Credit courtesy of Summit County

The Summit County Council on Wednesday got a request from the Health Department to restructure the staff they have now working on emergency planning.   They were told the change is needed to maintain federal funding for public health emergencies.

However, some Council members said they were chagrined and disappointed that they were getting the item so soon after they already approved a budget for 2020.

Health Director Rich Bullough said that, in effect, they were asking the Council to take a current full-time employee position and split it into two jobs.

He said that in 2003, the Health Department created a position for an Emergency Planner for Public Health.    In 2017, he said, that was combined with the job of Emergency Planner and placed under the County Manager.   Last year, the position was moved to the Sheriff’s Office.

The county has received federal funds, through the state, for Emergency Public Health.    But the state audit for three years has tagged the county as being deficient, because there isn’t a position solely related to Public Health planning.

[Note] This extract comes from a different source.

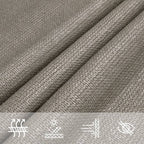 Vela Parasole 160 g/m² Trapezio Grigio Chiaro 3/4x2 m in HDPE
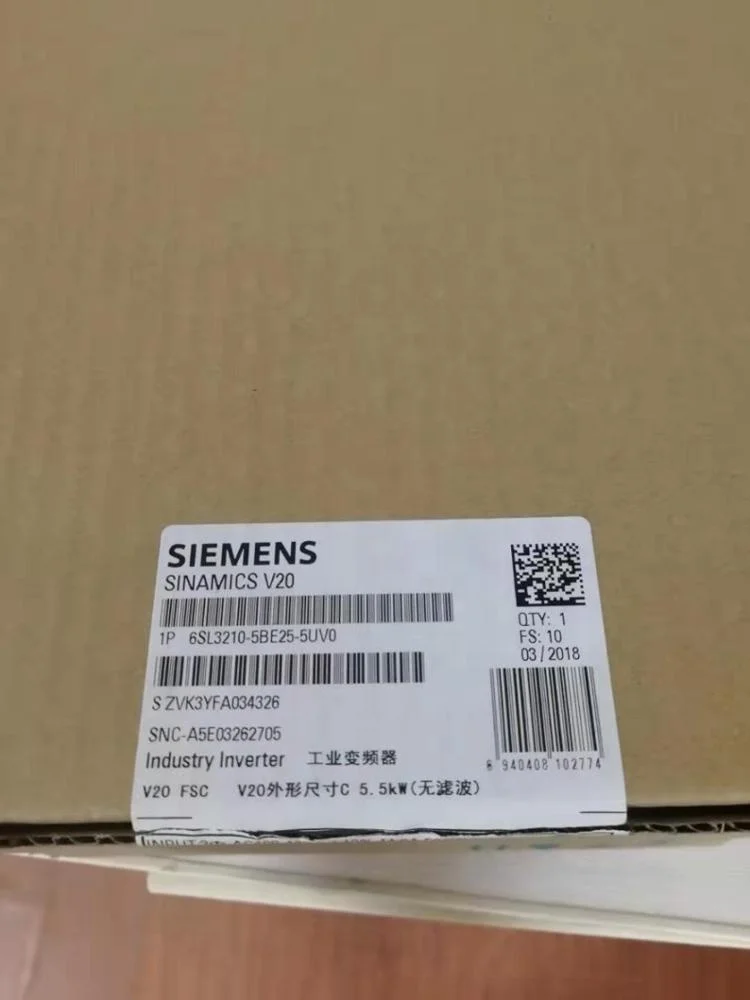 SINAMICS SIEMENS V20 Inverter&Converter 6SL3210 series 
SINAMICS SIEMENS V20 Inverter&Converter 6SL3210 series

Bullough said he’s asking the Council to set up the Emergency Public Health Planner to again be one full-time position.

County Manager Tom Fisher said they had combined the two positions as an experiment, but they’re really different jobs.

He said they understand that leaves the Emergency Manager position with questions about its funding and its future.      

“So I’m not proposing that we go out and hire a new Emergency Manager right away.   If we need to figure out exactly how we fund that, we can take the steps to do that.  Now I don’t think we want to spend six months to a year doing that, because I don’t think we want to have that function uncovered that long.  But I think there are ways that we can do that.”

He said the Emergency Management Department needs to work on some issues, like conducting drills and improving staff preparedness.   But there’s also the chance to bring in some new talent.        

“Even though it’s going to end up costing the county more money—and that’s the bottom line is that we’re gonna have to fund both positions, even though some of it’s covered by grant money—we have the ability to, as we’re discovering already, recruit some pretty good talent around this function.  There’s a lot of different sources for that.   But we have some people in place within the county that have contacts that we’d be able to draw upon to recruit the talent we need that has the background, the credibility within the public safety community, as well as the charisma to really push that with employees, and push it with the community.”

However, Council member Roger Armstrong said he doesn’t like the process here, since they just approved the budget and this issue was not mentioned.   He said it feels somewhat dishonest.

Council member Doug Clyde said he had a similar reaction.      

          “It’s understandable, but why we find ourselves in this position right after budgeting is not understandable.  And the staff report is pretty clear about what’s happening at Health, but it’s not very clear about what’s going to happen with Emergency Management.  So I guess the best I can say is it’s understandable but disappointing.”